How long would it take to go via every single one of the 270 stations on the London Tube map? Most of us would shrug at the question, having no desire whatsoever to even consider spending enough time within the claustrophobic, sweaty confines of the Underground to find out. Geoff Marshall, however, is not like most of us, and his subterranean hobby has turned into an epic and competitive World Record breaking challenge.
Marshall’s show is entertaining and refreshing.
Marshall first broke the Tube Challenge Guinness World Record in May of 2004 and has been determined to hold the title ever since. Overall, he has attempted it 26 times. Despite having been beaten by other eager competitors over the years, he has made his way back to the top and is the current champion, having completed the challenge in 16 hours, 20 minutes and 27 seconds in August of 2013. Despite a PowerPoint stretched across so many screens that it’s barely legible, Marshall’s blend of anecdote, information and video clips proves a pleasant hour on a topic you might otherwise never look into.

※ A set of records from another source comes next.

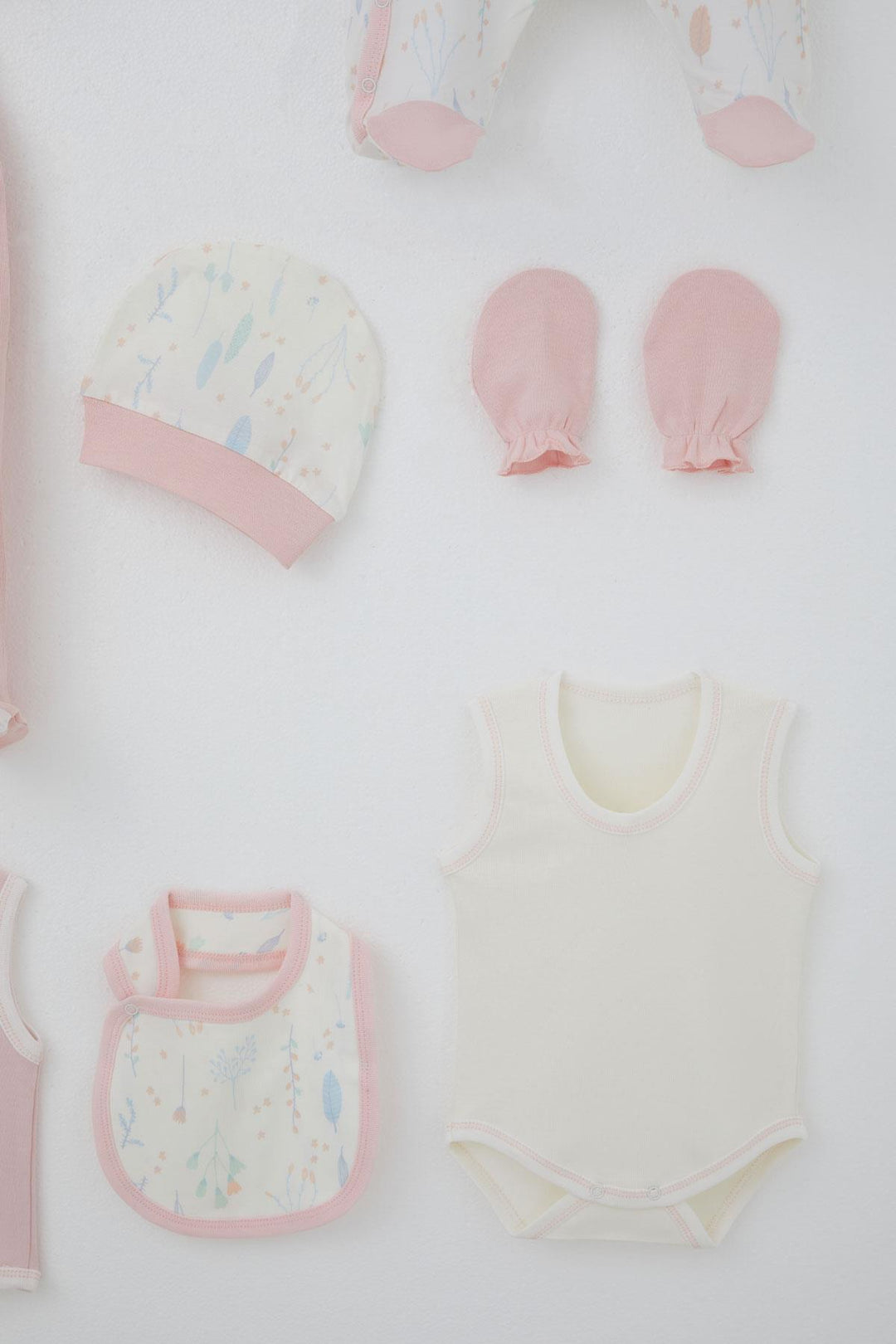 BRE Breeze Baby Girl Hospital Outfit 8 Piece Spring Themed Flower Patterned 0-3 Months, Ecru - King’s Lynn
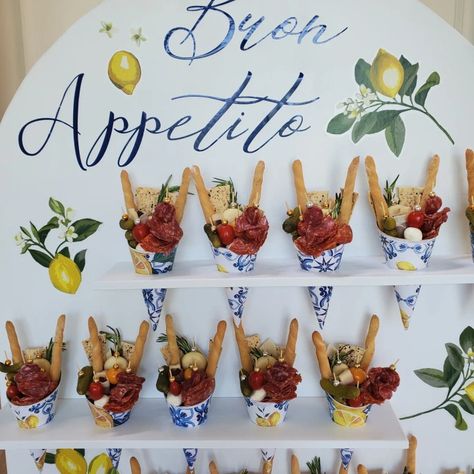 Italian Beach Theme Party, Sicilian Themed Bridal Shower Ideas, Amalfi Coast Theme Engagement Party, Amalfi Coast First Birthday, Positano Bridal Shower Ideas, Positano Tablescape, Positano Theme Party Food, Amalfi Coast Centerpiece, Mediterranean Bridal Shower Decor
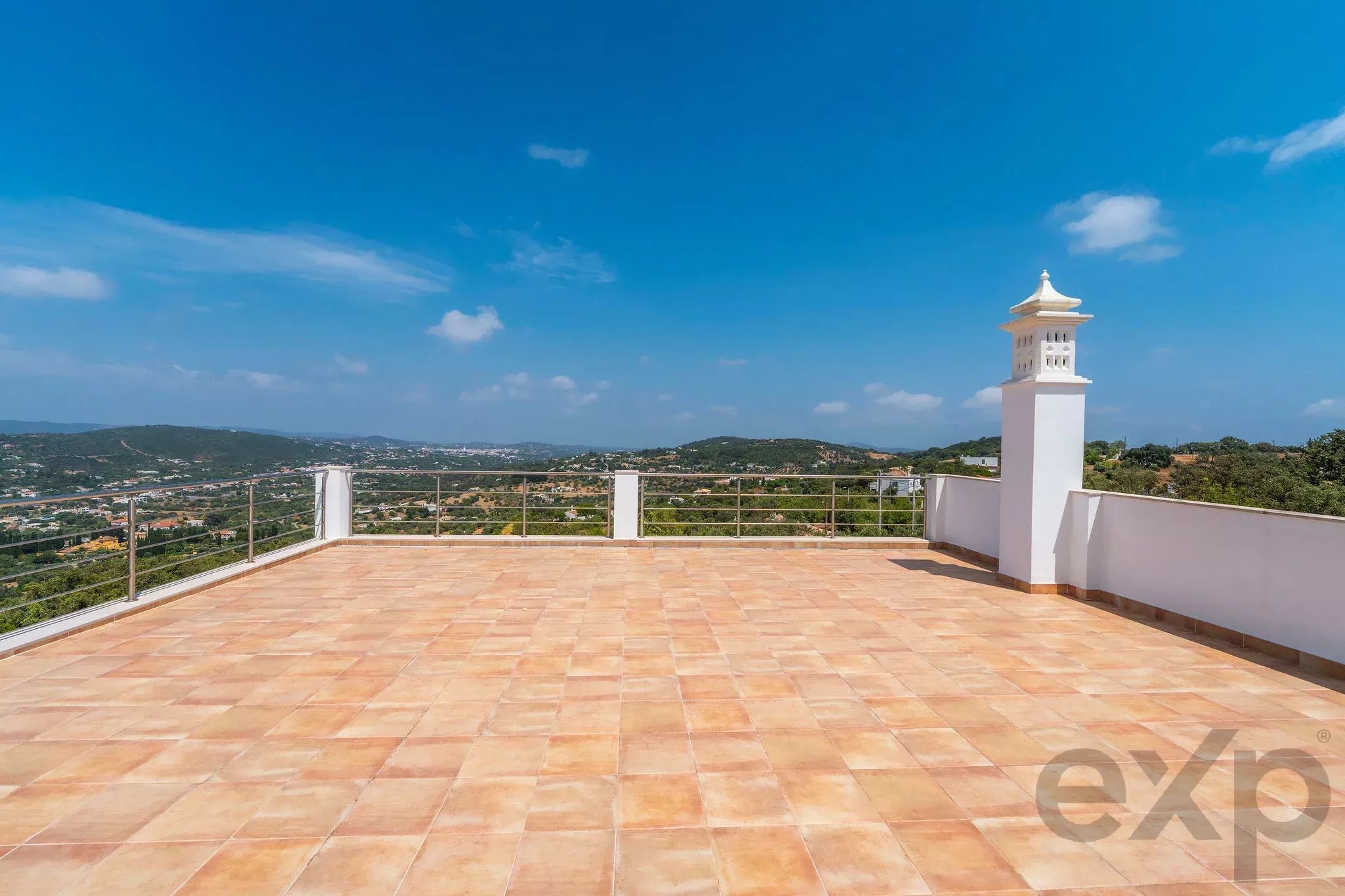 T3 Villa with magnificent views, close to São Bras de Alportel, Loule and Faro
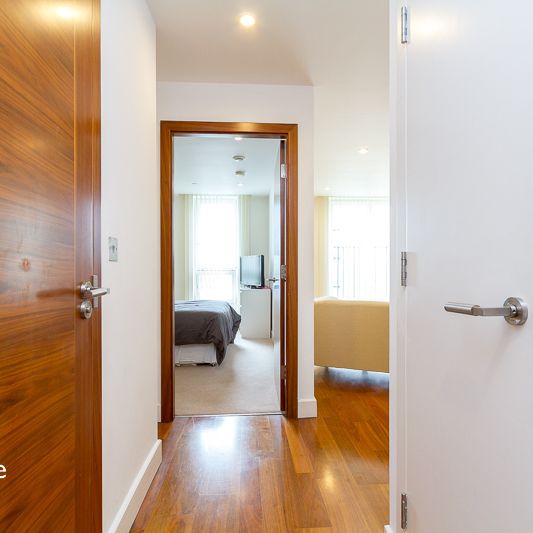 Cardiff, CF10 1BL - Photo 1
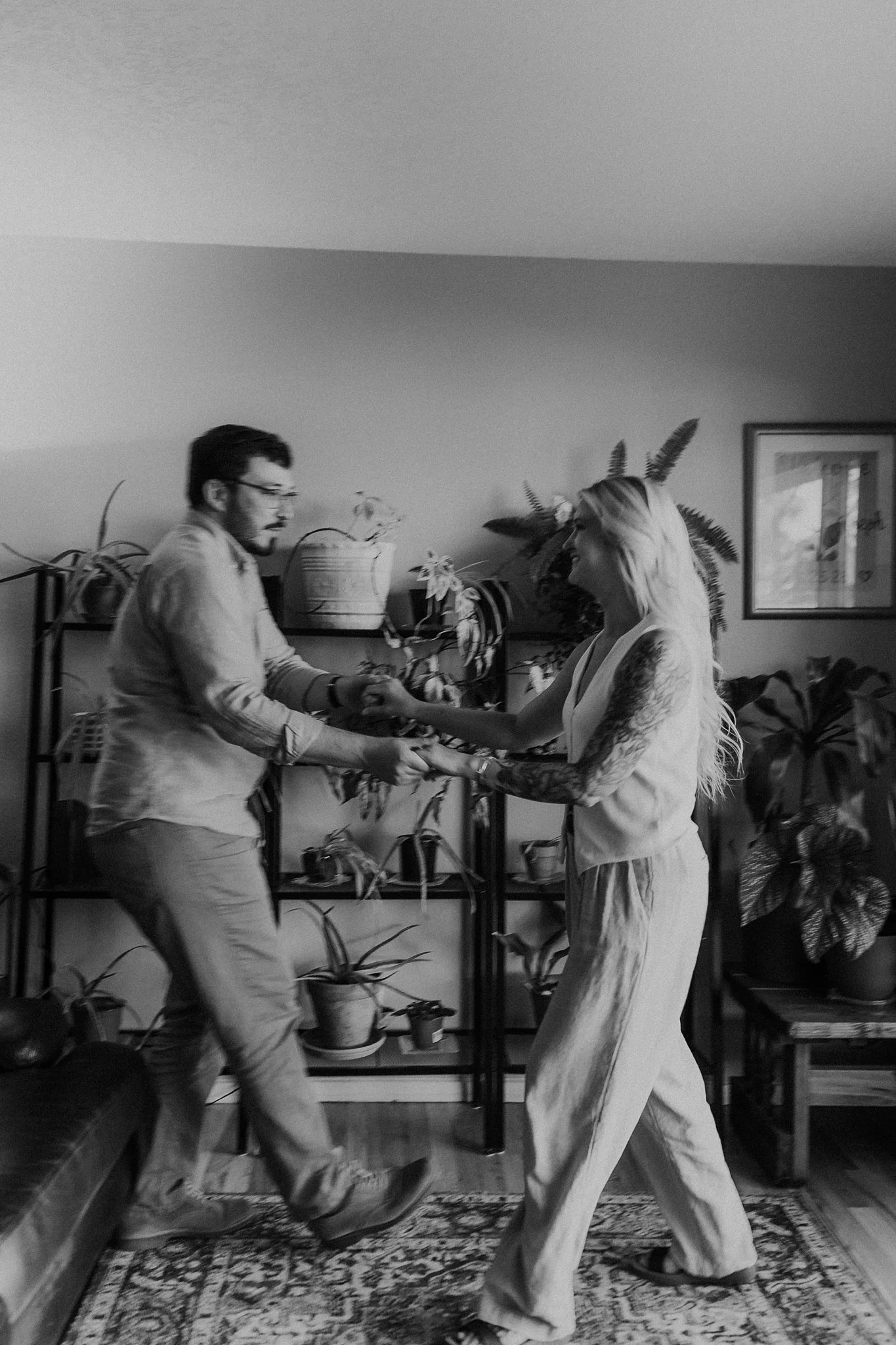 Alicia+lucia+photography+-+home+-+engagement+-+southwest+engagement+-+backyard+wedding_0071.jpg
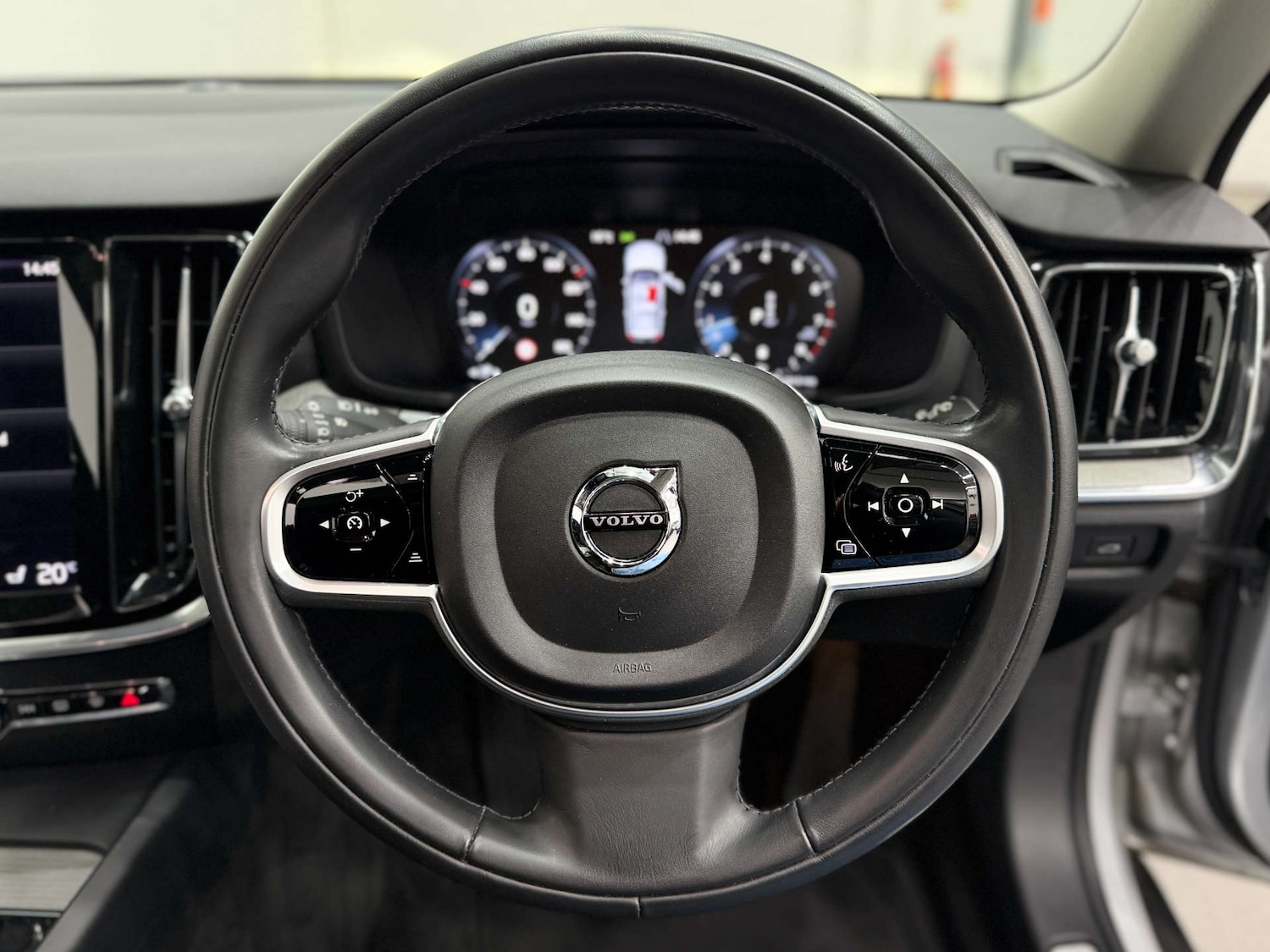 Used Volvo V60 2021 for sale - 76881609: Photo 17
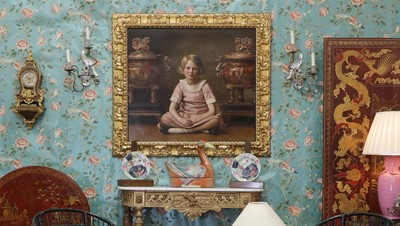 Lot 226 - A pair of French glass and gilt metal 'parrot' wall sconces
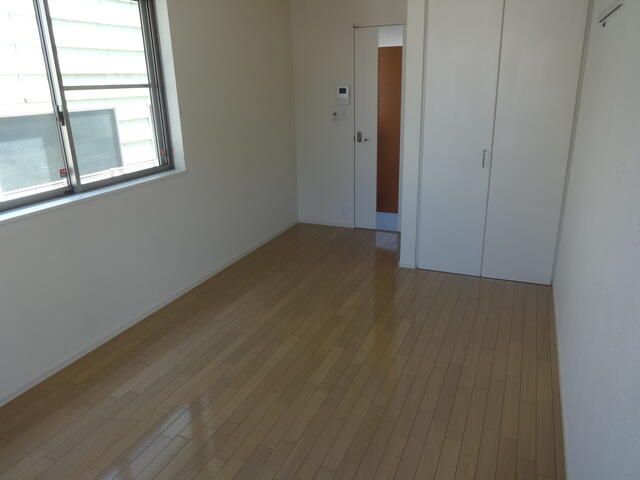 メゾン　オーク ベッドルーム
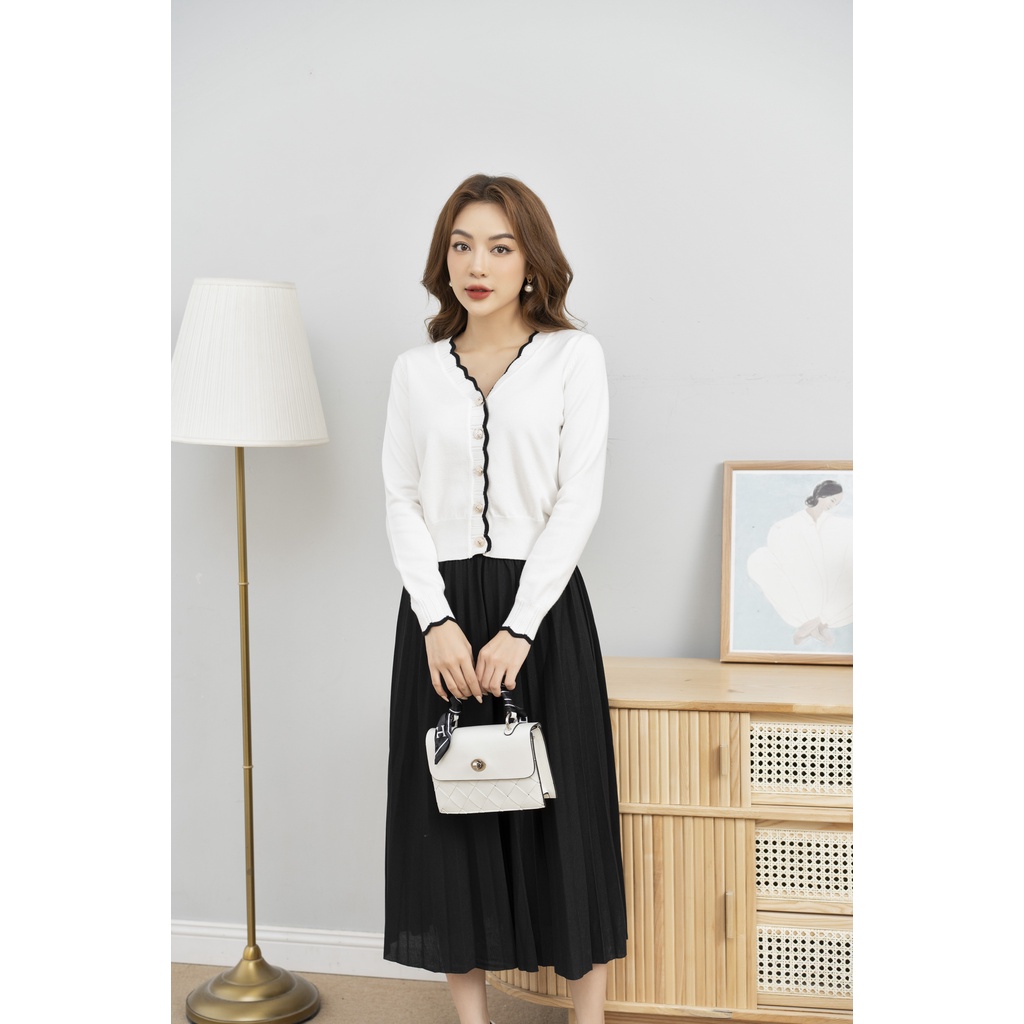 Áo Khoác Len Nữ FIONA Cổ Tim, Nẹp Áo Dệt Múi Tạo Sóng Cách Điệu, Phối Màu Mã F852741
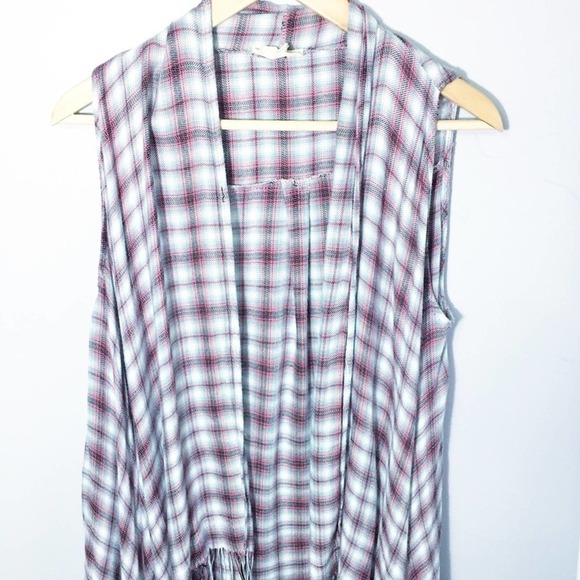 Love plaid rayon sleeveless fringe top - Picture 1 of 8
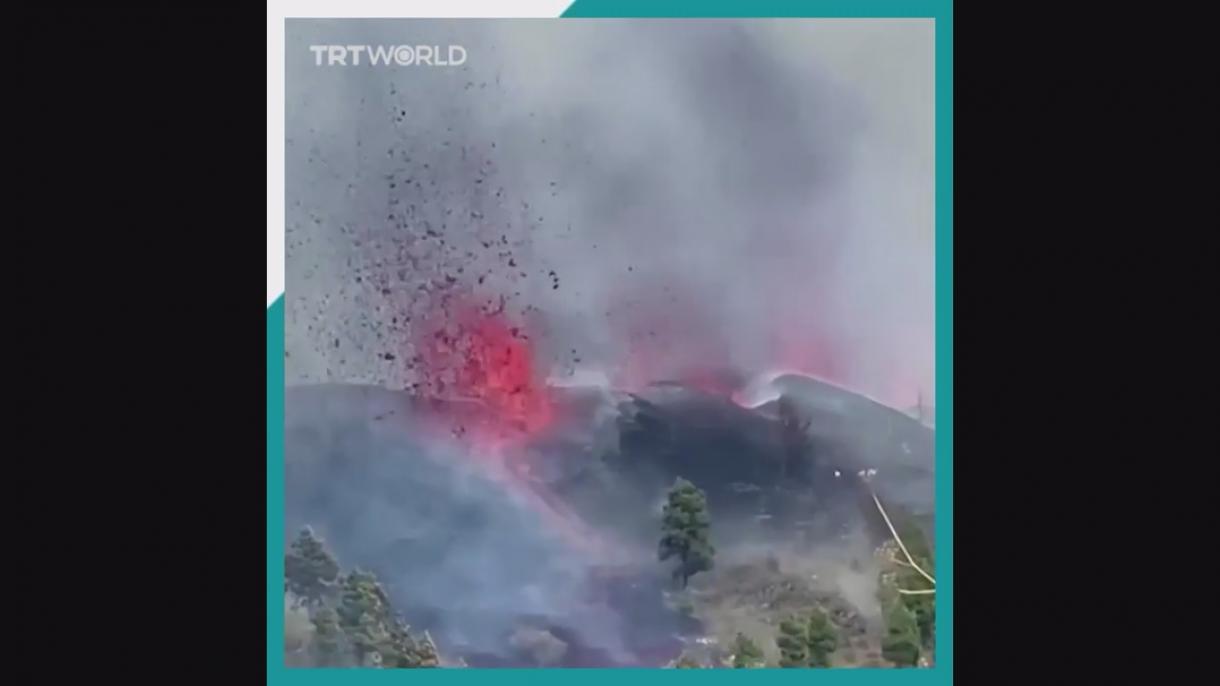 Kanar utrawlarındağı vulkannıñ lavaları öylärne yandırdı (video)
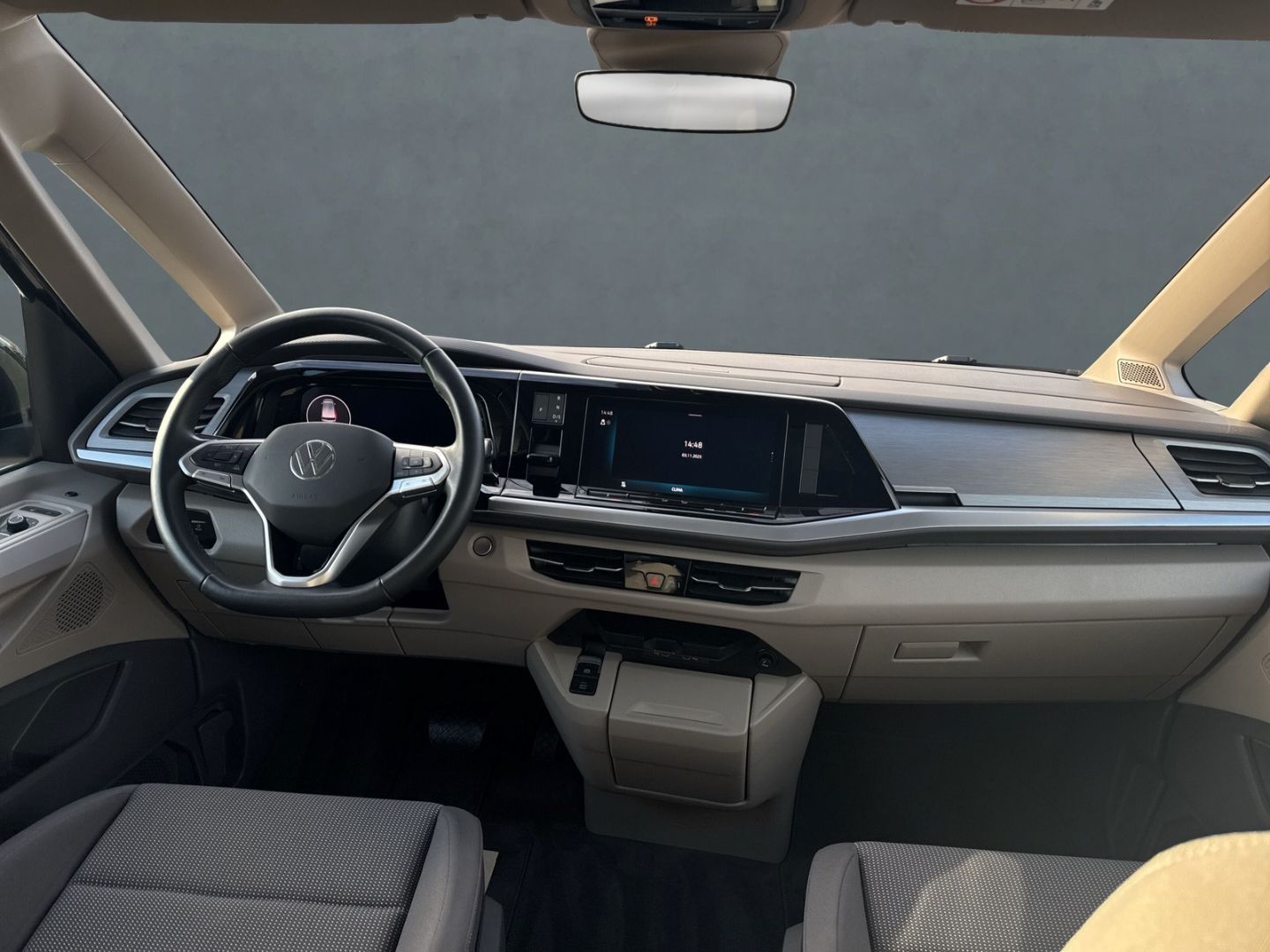 T7 Multivan 2.0 TDI Life lang 6-Sitze StandHZG A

Bringing the most obscure of hobbies into the spotlight, Marshall gives an interesting and funny account of the trials and tribulations that the Tube Challenge presents. This does not just involve getting on each line and sitting on it until it reaches the end: Tube Challengers run between the end stations of different lines to save as much time as possible. Nothing is left down to chance. Everything is calculated, from what exit to take to get out of the station quickest, to how to sidestep the time-consuming act of going to the toilet.
Marshall goes beyond mere anecdotes of the challenge, revealing how his hobby morphed into a web forum, a radio appearance, a BBC program and an undesired invitation to join the Big Brother household. He explores the viciousness of social media and how it has distorted his initially harmless intentions. This addition to the simple storytelling of his experiences is a nice touch, although at times he tries to add too much of a moralising undertone to his story, as though it is not strong enough in itself to hold its own. Marshall is overly self-deprecatory, perhaps a little too convinced of the triviality of what you might call his own personal life-mission. He underestimates our interest in what he does by unnecessarily branding himself a ‘train geek’ that struggles with sociability.
Marshall’s show is entertaining and refreshing. And although he won’t reveal all of his time-saving secrets, he might give Londoners a few welcome tips on how to shave a few precious minutes off their daily commute.